Benson shared results from a variety of studies that demonstrated the effectiveness of dietitians with prescribing rights, including data from ENHANCED (DiEtitiaNs Helping PAtieNts CarE For Diabetes). The study, which enrolled 108 participants, included an average of 10 telemedicine sessions during the course of a year. The optimal care goals were A1C, blood pressure, and tobacco use.
“Our intervention group showed significant improvement from baseline,” Benson said. “We saw a mean of meeting 3.1 goals at baseline compared to 3.7 at the end for our intervention group. The control group had smaller improvement, with a mean of 2.9 goals met at baseline and 3.2 at the end.”

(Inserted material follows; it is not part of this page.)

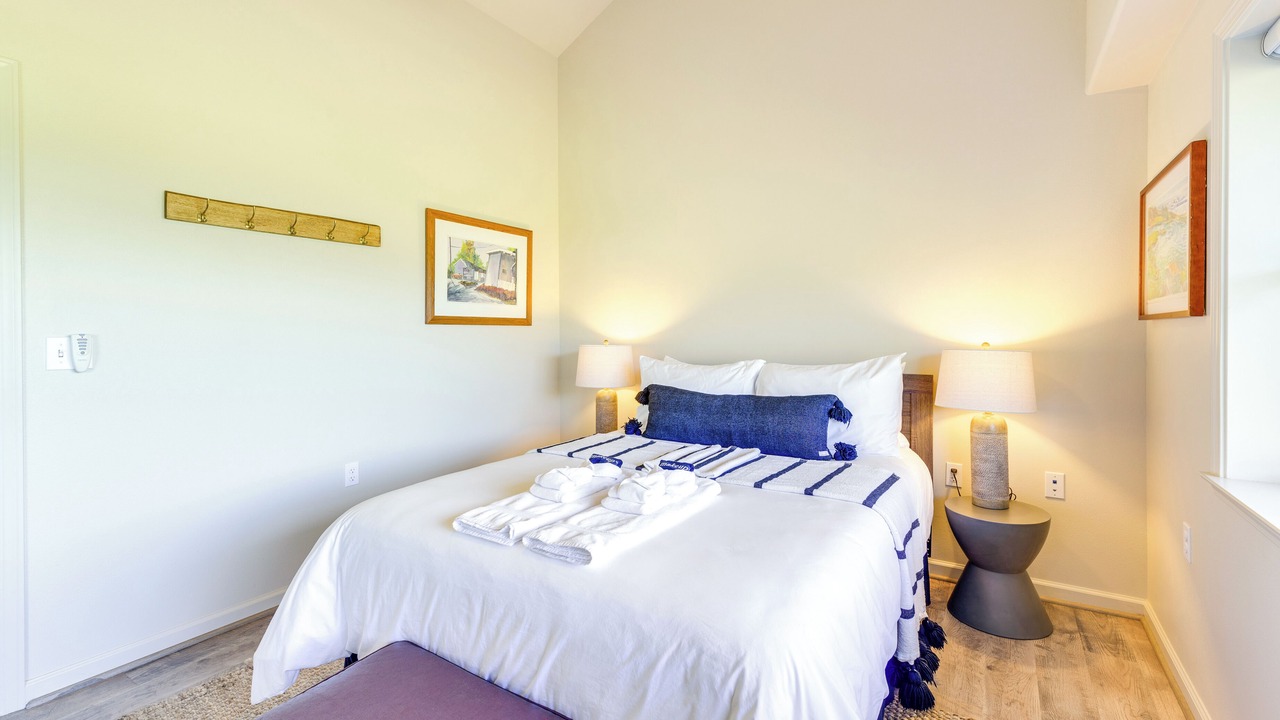 Photo of Bedroom in Kelseyville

Medication adherence improved in the intervention group, while secondary outcomes such as daily fruit and whole grain intake also increased for the intervention group, but not for the control group, she said.
Michelle Passaretti, MSN, BSN, RN, CCM, Senior Director of Innovations at Geisinger’s Steele Institute of Health, discussed how a “food is medicine” approach is used to address food insecurity among diabetes patients in the Geisinger network.
“We learned that our patients, like everyone’s patients, are making tough choices that affect their health outcomes,” Passaretti said. “When we look at diabetes and how that might relate to food insecurity, we know that among individuals with A1C between 6.5 and 9, one in five are food insecure. For individuals with an A1C above 9, one in four are food insecure. We also know that as food insecurity worsens, so does a person’s illness, particularly type 2 diabetes.”
Three communities were identified in the Geisinger network area at risk for food insecurity and diabetes. The health system partnered with a local food bank to create the Fresh Food Farmacy to give at-risk patients access to healthy food options, including fruits and vegetables, lean meats, and whole grains. Participants receive enough food to create two healthy meals a day, five days a week, for the entire household. Program participants also receive in-person or telephone support from the diabetes care team. The care team screens for complications and provides assistance with meal planning and recipes.
“With the ‘food as medicine’ concept, we have been able to decrease patients’ A1C by an average of about 2 points,” Passaretti said. “We’ve also seen improved glucose measures and improved cholesterol.”